- [STORED DATA]:
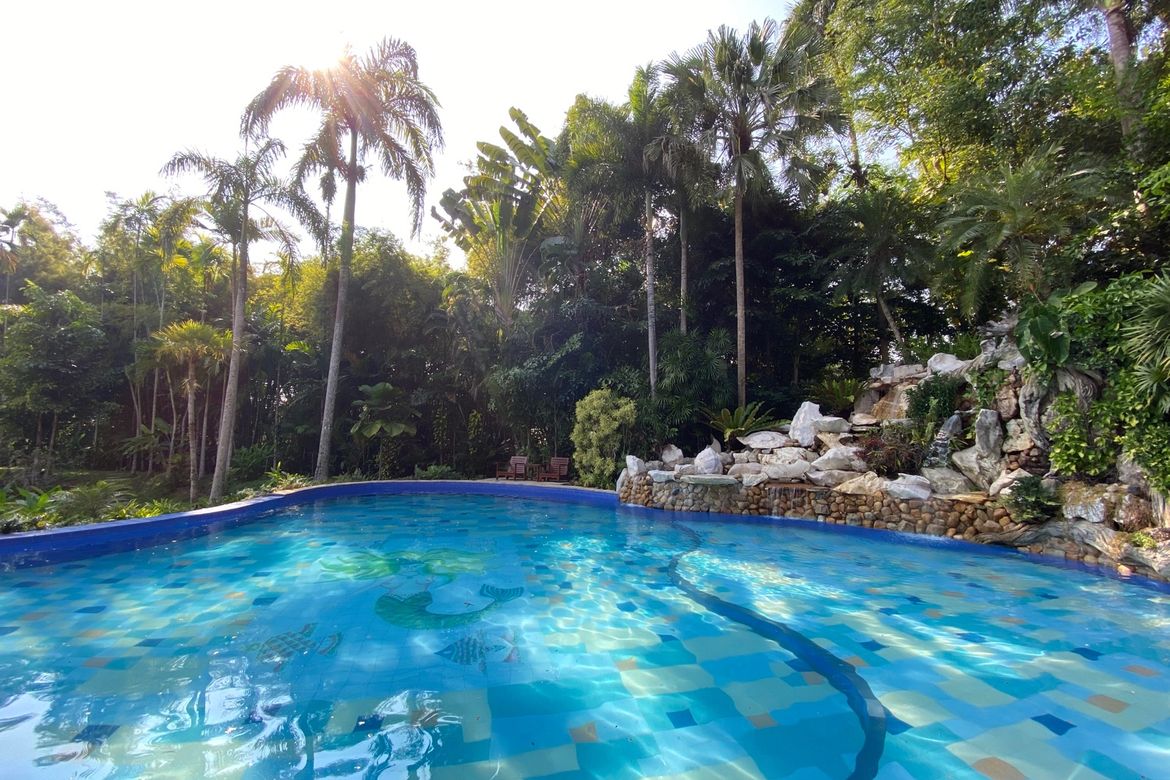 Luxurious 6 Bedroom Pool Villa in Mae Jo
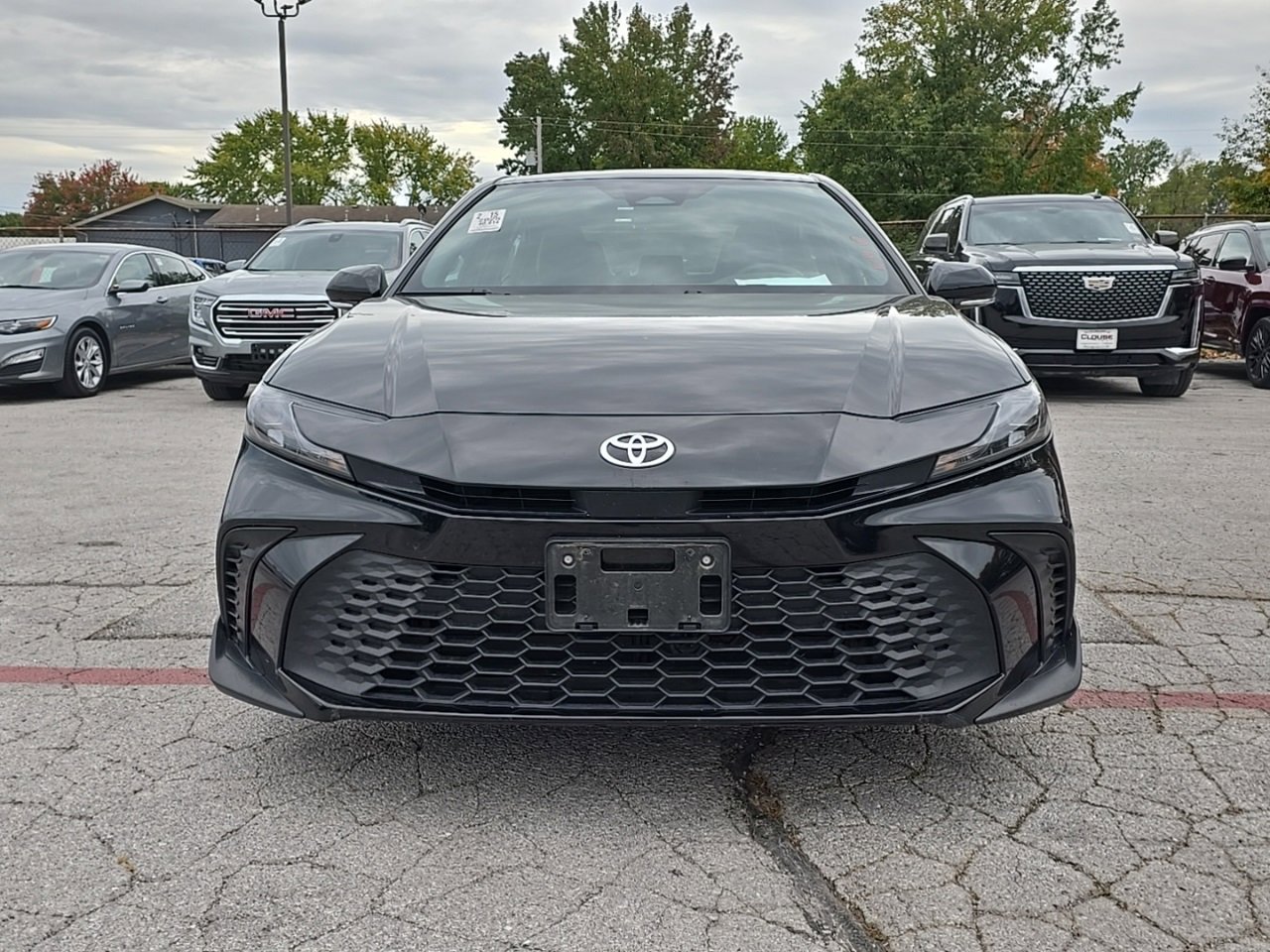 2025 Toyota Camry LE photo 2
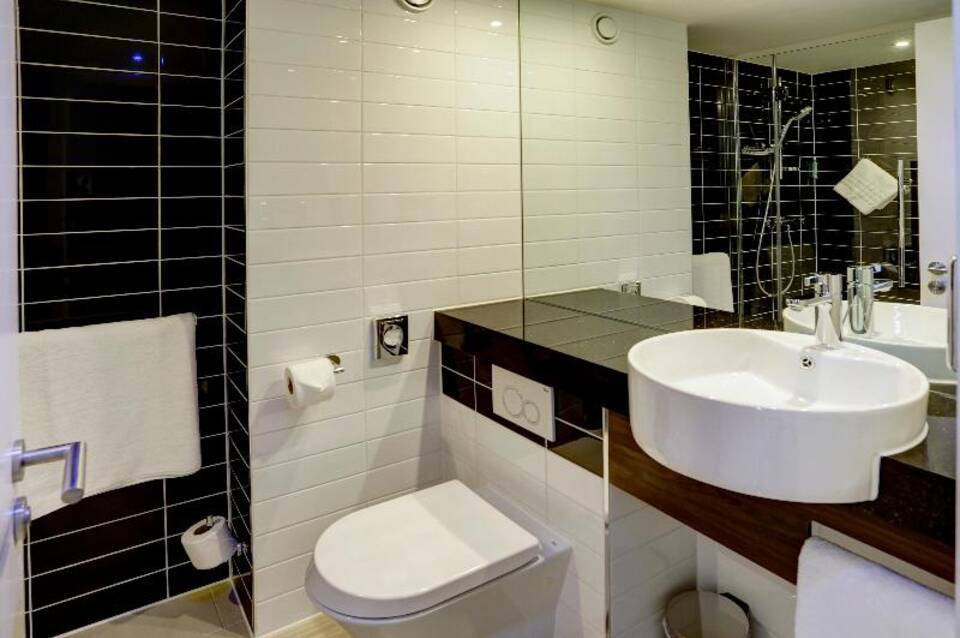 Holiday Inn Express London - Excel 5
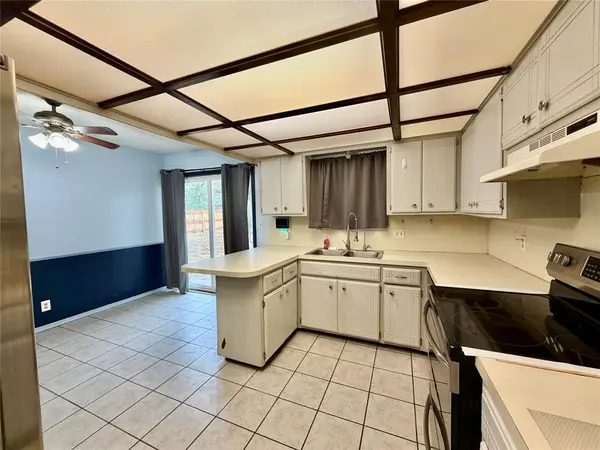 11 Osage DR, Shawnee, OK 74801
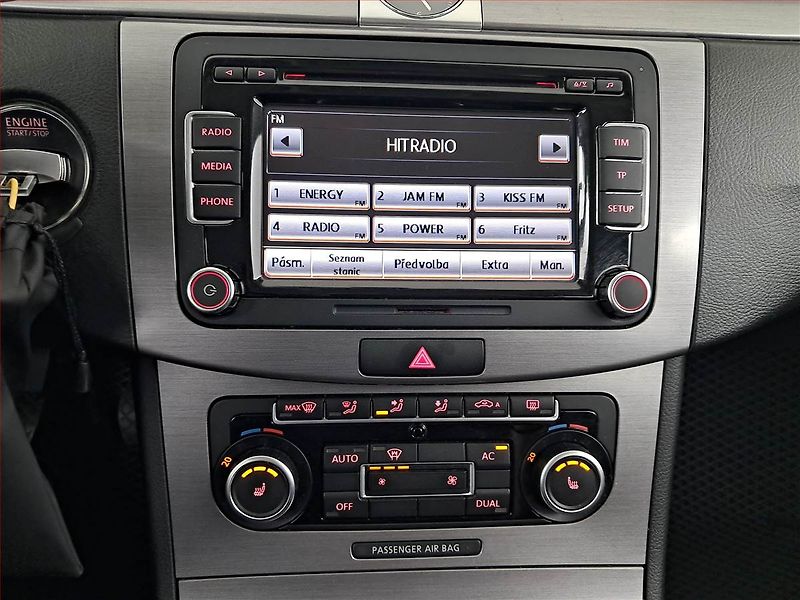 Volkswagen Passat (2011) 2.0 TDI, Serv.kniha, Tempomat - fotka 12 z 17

- [WORK TASK]: Everything from the line that contains "11 Osage DR, Shawnee, OK 74801" to the final line of the data is to be duplicated exactly, both ends included, except the pictures.

- [ANSWER TO THIS TASK]:
 11 Osage DR, Shawnee, OK 74801
 Volkswagen Passat (2011) 2.0 TDI, Serv.kniha, Tempomat - fotka 12 z 17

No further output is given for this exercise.